In [2], we compared the latest versions of several optical Monte Carlo (MC) simulation packages with our recently developed TIM-OS [1]. Particularly, MMCM was downloaded on September 29, 2010 from its website (http://mcx.sourceforgo.net/mmc) and compiled with the best setting in the package. As shown in Dr. Fang’s comment [5], he recently updated the MMCM package that now takes advantage of the SSE instructions and the Intel compiler, yielding a substantial performance gain. However, the latest MMCM still does not take the thread racing condition into account. As pointed out by Alerstam [4], thread racing may compromise data integrity. We also observed this problem in the MMCM results.

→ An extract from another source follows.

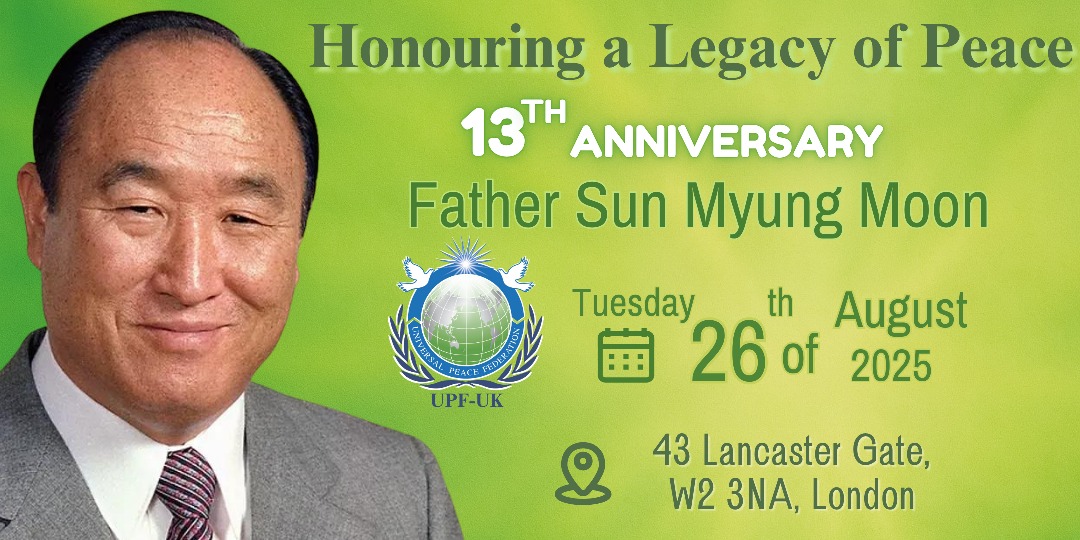 ukUPF's tweet photo. Honour a Legacy of Peace at the 13th Anniversary of the Ascension of Father Moon, Co-Founder of the Universal Peace Federation. His life was dedicated to building peace, interfaith harmony & shared prosperity.
https://t.co/VfB7b3gPkN
#FatherMoon #UPF #Peace https://t.co/Hs5dlV0dRW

It is underlined that TIM-OS photon-tetrahedron intersection style has a less computational complexity than the Plücker-coordinate scheme used in MMCM [2,5]. When we do photon-tetrahedron intersection tests, a photon is actually inside a tetrahedron. Such a tight restriction on the position of the photon greatly reduces the computational complexity. As a result, while the Plücker-coordinate algorithm utilizes all the equations in [3], the original TIM-OS algorithm only uses the popular ray-plane intersection equation.

Simulation accuracy

Figure 1 illustrates the problem in [5]. While the solid curve shows the true value $y_{truth}$, $y_{mmc}(i)$ and $y_{timos}(i)$ are the values used in [5] to compare MMCM and TIM-OS. However, each $y_{timos}(i)$ datum he used had two parts: $y_{timos}(i)=({\displaystyle {\int }_{(i-1)\Delta x}^{i\Delta x}f(x)dx}+{\displaystyle {\int }_{i\Delta x}^{(i+1)\Delta x}f(x)dx})/2$, where ${\displaystyle {\int }_{(i-1)\Delta x}^{i\Delta x}f(x)dx}$ and ${\displaystyle {\int }_{i\Delta x}^{(i+1)\Delta x}f(x)dx}$ were the values TIM-OS estimated at the positions $(i-1/2)\Delta x$ and $(i+1/2)\Delta x$, respectively. Hence,$y_{timos}(i)$ actually was a linear interpolation of two TIM-OS results. It is not fair to compare a linearly interpolated TIM-OS result to a directly computed MMCM result.

 

Fig. 1 Illustration of the problem in Dr. Fang’s Comment.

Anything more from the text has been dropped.